- [REQUIRED WORK]:
After locating the line with "Warm Eggnog, Smores" below, output it and each following line exactly, stopping after the line with "- Svinsnygg body". No pictures.

- [DATA]:
________
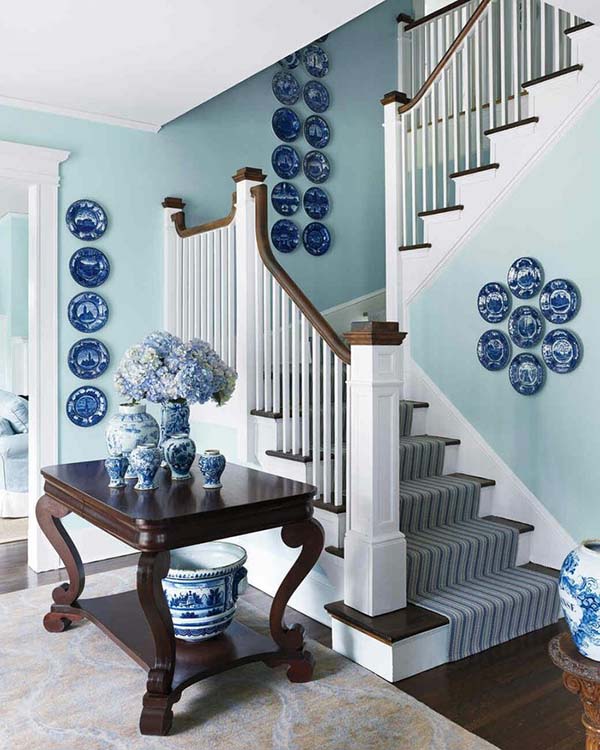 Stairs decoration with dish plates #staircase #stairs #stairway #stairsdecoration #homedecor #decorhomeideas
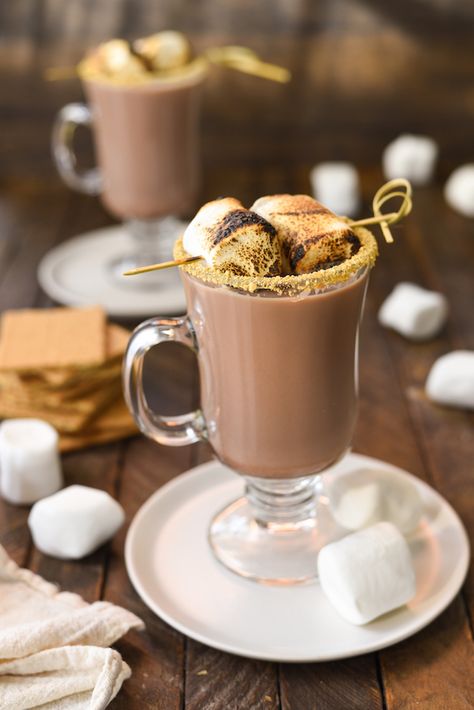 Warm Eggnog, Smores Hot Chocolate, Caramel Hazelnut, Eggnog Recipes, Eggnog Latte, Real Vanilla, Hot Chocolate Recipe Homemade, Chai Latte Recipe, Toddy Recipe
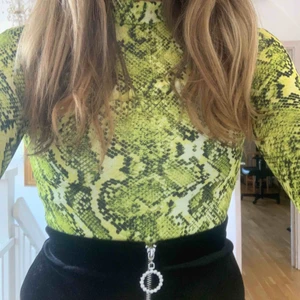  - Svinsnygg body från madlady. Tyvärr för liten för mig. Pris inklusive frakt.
________
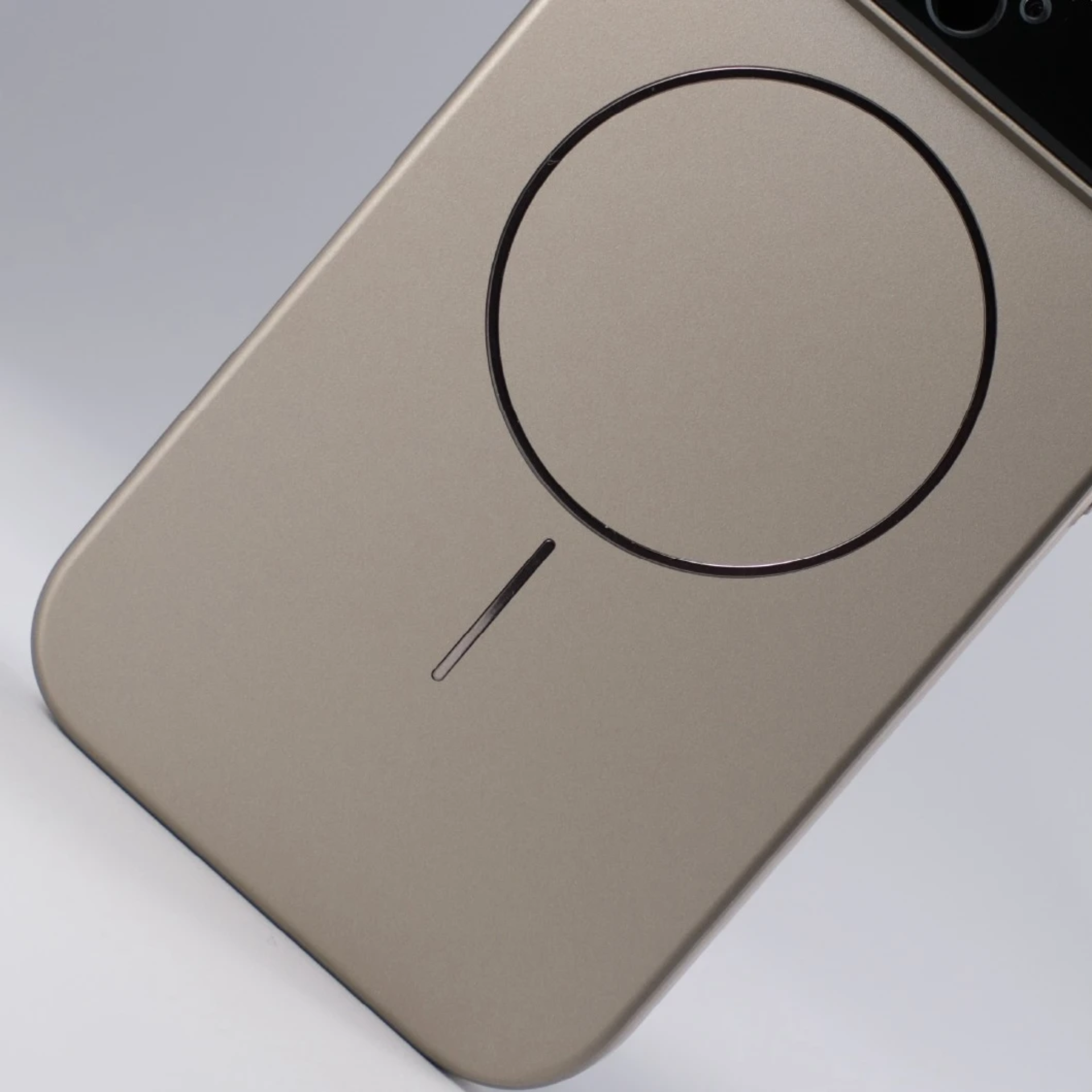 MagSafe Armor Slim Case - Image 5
________
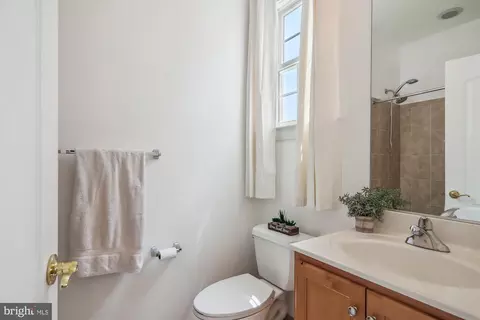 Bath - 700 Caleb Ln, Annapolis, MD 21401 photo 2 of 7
________
- [RESPONSE TO THIS EXERCISE]:
 Warm Eggnog, Smores Hot Chocolate, Caramel Hazelnut, Eggnog Recipes, Eggnog Latte, Real Vanilla, Hot Chocolate Recipe Homemade, Chai Latte Recipe, Toddy Recipe
  - Svinsnygg body från madlady. Tyvärr för liten för mig. Pris inklusive frakt.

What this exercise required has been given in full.